→ **TASK GOAL**
Output every entry exactly as written.

→ **RECORDS PROVIDED**
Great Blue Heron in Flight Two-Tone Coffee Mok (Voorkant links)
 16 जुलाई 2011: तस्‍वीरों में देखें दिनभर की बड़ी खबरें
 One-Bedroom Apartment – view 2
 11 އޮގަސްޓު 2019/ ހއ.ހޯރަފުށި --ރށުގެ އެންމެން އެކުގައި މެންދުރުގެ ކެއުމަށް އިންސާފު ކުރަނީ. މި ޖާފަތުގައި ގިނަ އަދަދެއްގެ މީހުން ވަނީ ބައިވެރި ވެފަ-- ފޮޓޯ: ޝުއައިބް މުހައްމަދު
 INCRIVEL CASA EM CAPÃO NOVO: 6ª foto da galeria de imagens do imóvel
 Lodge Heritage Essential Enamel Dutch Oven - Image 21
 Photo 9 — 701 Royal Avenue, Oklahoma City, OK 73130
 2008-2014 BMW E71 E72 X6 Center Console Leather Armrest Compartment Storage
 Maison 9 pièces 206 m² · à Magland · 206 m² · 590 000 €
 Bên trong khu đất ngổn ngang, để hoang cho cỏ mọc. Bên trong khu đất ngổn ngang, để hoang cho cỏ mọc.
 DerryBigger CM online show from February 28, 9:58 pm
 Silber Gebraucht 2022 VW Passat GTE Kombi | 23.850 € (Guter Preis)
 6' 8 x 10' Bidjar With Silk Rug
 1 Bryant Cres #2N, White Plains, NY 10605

→ **FINISHED EXERCISE**
Great Blue Heron in Flight Two-Tone Coffee Mok (Voorkant links)
 16 जुलाई 2011: तस्‍वीरों में देखें दिनभर की बड़ी खबरें
 One-Bedroom Apartment – view 2
 11 އޮގަސްޓު 2019/ ހއ.ހޯރަފުށި --ރށުގެ އެންމެން އެކުގައި މެންދުރުގެ ކެއުމަށް އިންސާފު ކުރަނީ. މި ޖާފަތުގައި ގިނަ އަދަދެއްގެ މީހުން ވަނީ ބައިވެރި ވެފަ-- ފޮޓޯ: ޝުއައިބް މުހައްމަދު
 INCRIVEL CASA EM CAPÃO NOVO: 6ª foto da galeria de imagens do imóvel
 Lodge Heritage Essential Enamel Dutch Oven - Image 21
 Photo 9 — 701 Royal Avenue, Oklahoma City, OK 73130
 2008-2014 BMW E71 E72 X6 Center Console Leather Armrest Compartment Storage
 Maison 9 pièces 206 m² · à Magland · 206 m² · 590 000 €
 Bên trong khu đất ngổn ngang, để hoang cho cỏ mọc. Bên trong khu đất ngổn ngang, để hoang cho cỏ mọc.
 DerryBigger CM online show from February 28, 9:58 pm
 Silber Gebraucht 2022 VW Passat GTE Kombi | 23.850 € (Guter Preis)
 6' 8 x 10' Bidjar With Silk Rug
 1 Bryant Cres #2N, White Plains, NY 10605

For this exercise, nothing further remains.